AP PRECALCULUS — UNIT 4A · FUNCTIONS INVOLVING PARAMETERS, VECTORS, AND MATRICES
4.2 — Parametric Functions Modeling Planar Motion
Notes — Position, Path, and Direction
💡 Learning Objectives (4.2.A)
By the end of this lesson you will be able to:
- Use parametric equations to model the motion of an object in the plane
- Identify position, path, and direction from a parametric description
- Determine when an object reaches a specific location
- Recognize when a particle is moving left, right, up, or down based on x(t) and y(t)
1. Position vs. Path
When parametric equations model motion, t represents time. The pair (x(t), y(t)) gives the POSITION of the object at time t. As t advances, the object MOVES — and the set of all positions visited is called the PATH.
The path is just a curve in the plane. The motion adds DIRECTION and TIMING — two different objects might travel the same path at different speeds or in opposite directions.

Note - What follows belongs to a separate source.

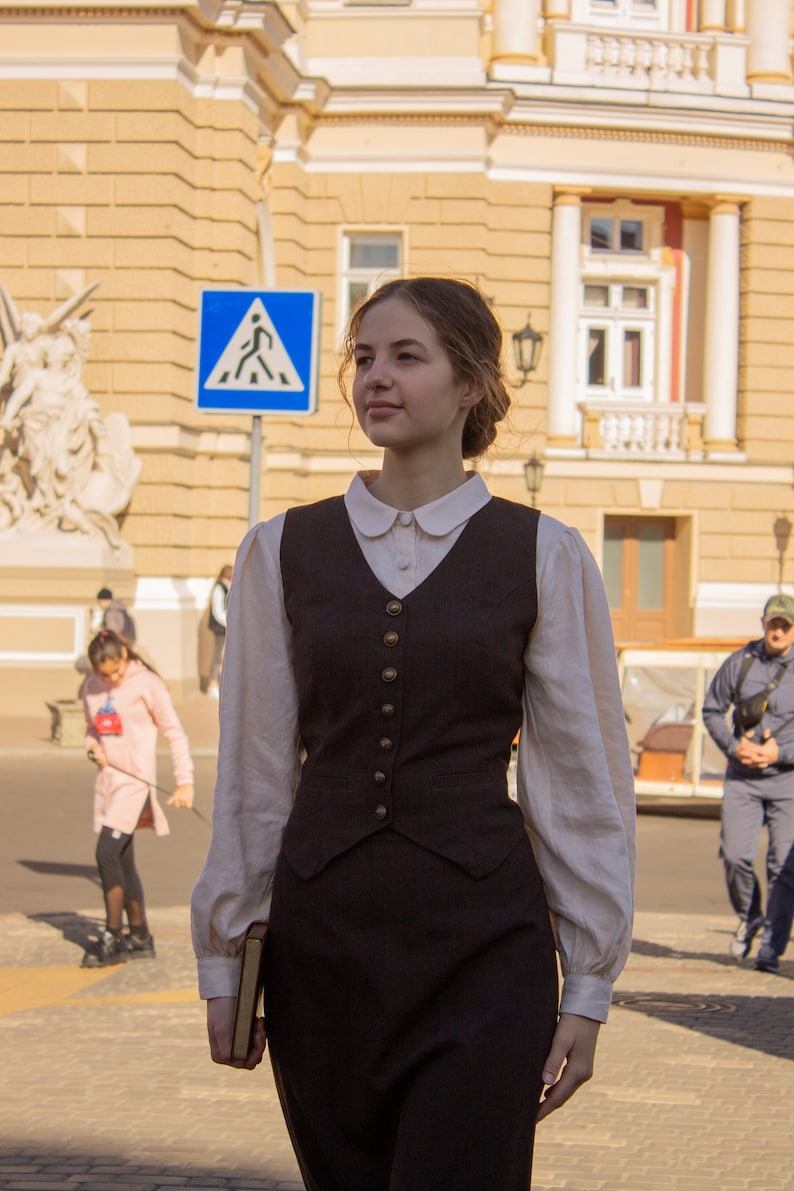 May include: A woman wearing a white collared shirt with a brown vest and a brown skirt. She is holding a book in her left hand and walking down a street.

2. Reading a Motion Description
📘 Example — A particle moving along a parabola
A particle has position (x(t), y(t)) = (t, t² − 4) for t ∈ [−3, 3].

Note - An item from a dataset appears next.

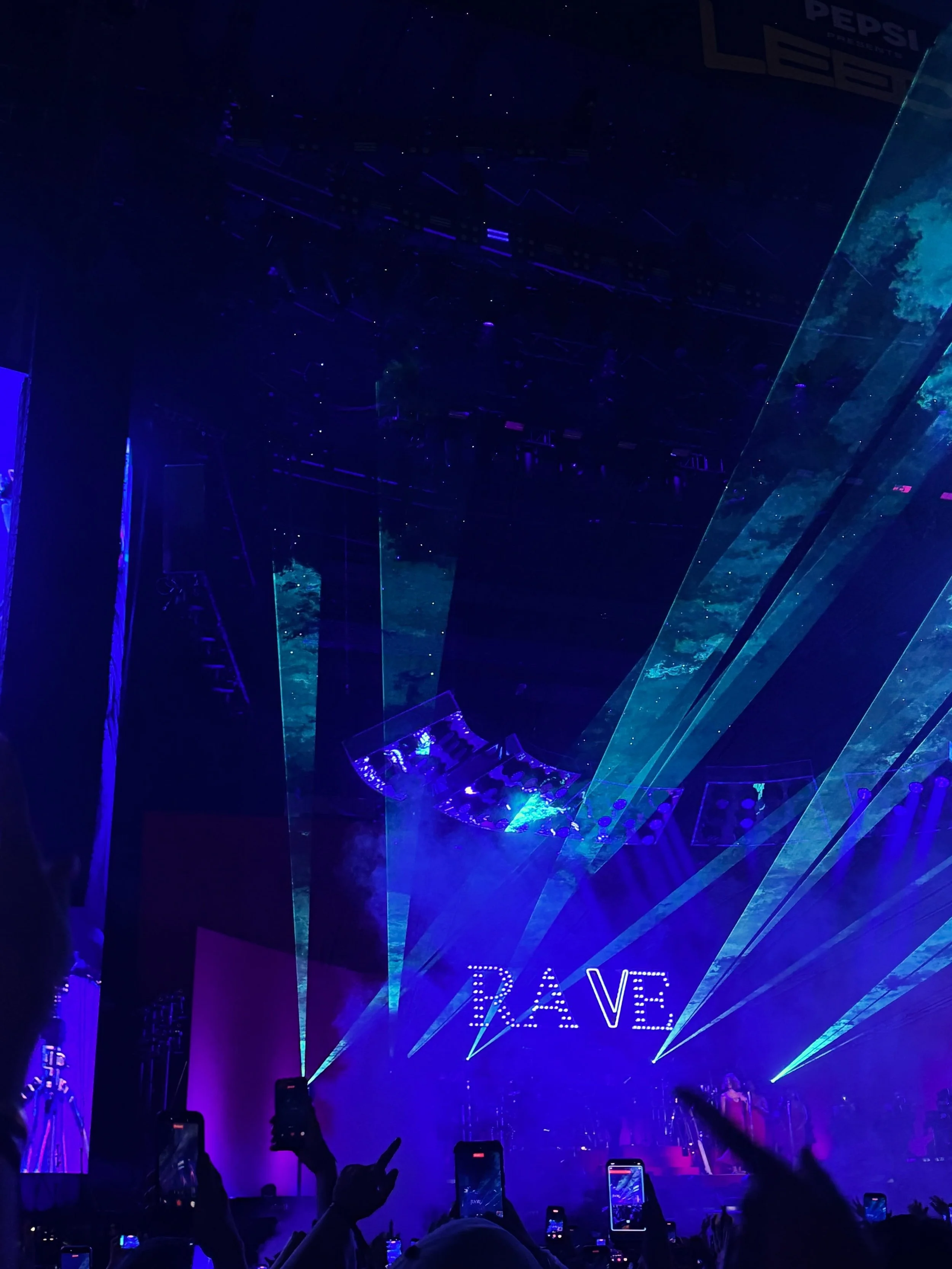A concert crowd raises phones beneath vivid blue and purple laser beams, with RAYE on stage and a “RAVE” sign creating an energetic nightclub atmosphere.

- At t = 0: position (0, −4) — the vertex of the parabola
- At t = 2: position (2, 0)
- At t = −2: position (−2, 0)
- As t increases, x always increases (since x = t), so the particle moves RIGHT throughout
- The y-component goes down then up, so the particle moves down on (−3, 0), then up on (0, 3)
3. Direction of Motion at a Given Instant
To decide whether a particle is moving up/down or left/right at a given t, look at how each coordinate is CHANGING:
- If x(t) is increasing as t grows: particle moves RIGHT
- If x(t) is decreasing: particle moves LEFT
- If y(t) is increasing: particle moves UP
- If y(t) is decreasing: particle moves DOWN
To check whether a coordinate is increasing or decreasing, evaluate just before and just after the t in question, or analyze x(t) and y(t) as ordinary functions.

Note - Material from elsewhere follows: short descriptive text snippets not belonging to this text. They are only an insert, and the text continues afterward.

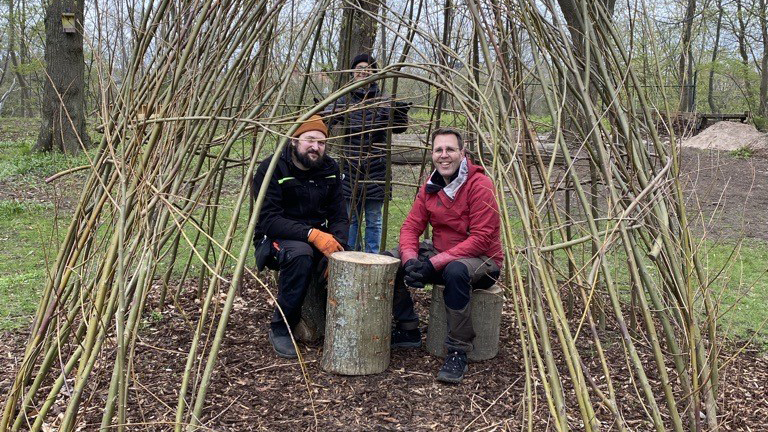 Tre personer som står i en koja av smala grenar från ett pilträd.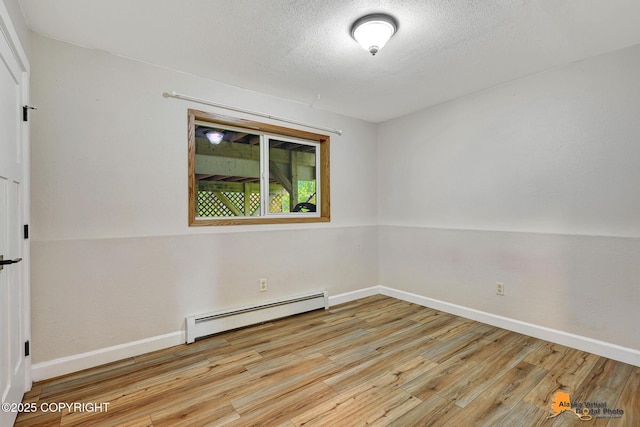 22479 Centurion Dr, Chugiak, AK 99567 - unfurnished room featuring a baseboard heating unit, wood finished floors, and a textured ceiling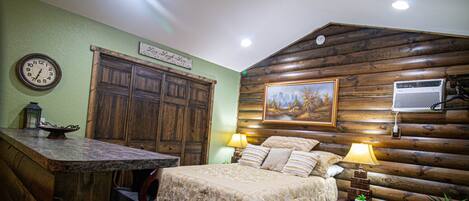 Ein rustikales Schlafzimmer im Blockhausstil mit einem hölzernen Bett, zwei Nachttischlampen, einer Holzkommode und einem gerahmten Bild an der Wand.
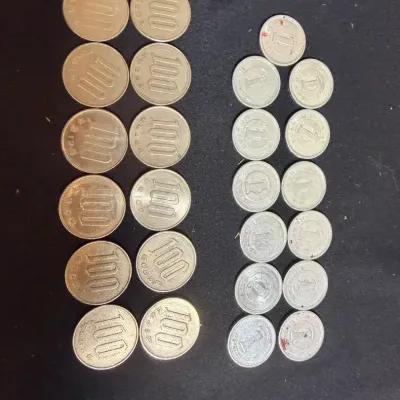 Japanese Coins 100 Yen And 1 Yen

4. When Does the Particle Reach a Specific Point?
To find the time at which a particle is at a particular (a, b), set up the system x(t) = a AND y(t) = b. The values of t that satisfy BOTH are the times the particle is at that point. (No solution to the system means the particle never visits that point.)
📘 Example — When does the particle reach (3, 5)?
A particle has (x(t), y(t)) = (t + 1, t² − 4).
- Solve x(t) = 3: t + 1 = 3 ⇒ t = 2
- Check y(t) at t = 2: y(2) = 4 − 4 = 0, NOT 5
- Conclusion: the particle never reaches (3, 5).
5. Self-Intersections of the Path
Sometimes a path crosses itself — different times produce the same position. Find these by solving (x(t₁), y(t₁)) = (x(t₂), y(t₂)) with t₁ ≠ t₂.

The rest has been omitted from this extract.